A New Category of Small Non-Accelerated Filers. The proposed amendments would also create a sub-category of small non-accelerated filers that would benefit from extended deadlines for periodic reports. NAFs with total assets of $35 million or less as of the end of each of the issuer’s two most recent second fiscal quarters would be eligible for extended periodic report deadlines of 120 days for Form 10-K (instead of 90 for NAFs) and 50 days for Form 10-Q (instead of 45 for NAFs). Small non-accelerated filer status would persist unless the registrant becomes an LAF or exceeds the $35 million assets threshold for two consecutive years.

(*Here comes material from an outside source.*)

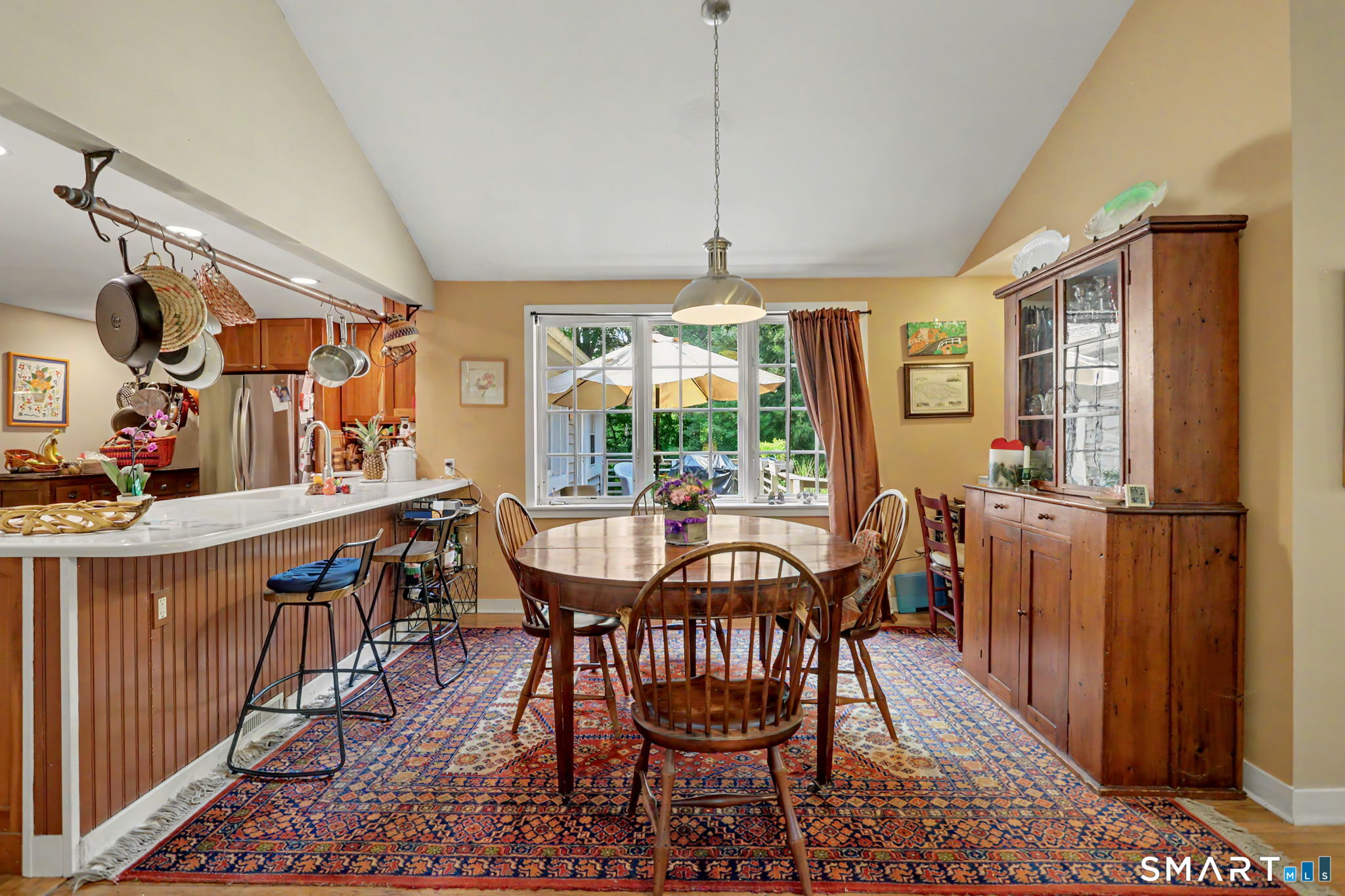 Kitchen and dining area with a white island, hanging cookware, and a round wooden table by large windows.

What happens to EGCs? EGC status, which is statutorily codified, would still exist under the proposed amendments, but reliance on this status would be unnecessary for most accommodations. EGCs would still benefit from certain accommodations that are not proposed as being extended to all NAFs, such as protection from Freedom of Information Act requests for draft registration statements confidentially submitted to the SEC prior to the EGC's initial public offering,5 and certain Public Company Accounting Oversight Board standard accommodations, such as the ECG exemption from the auditing standard requiring the communication of critical audit matters.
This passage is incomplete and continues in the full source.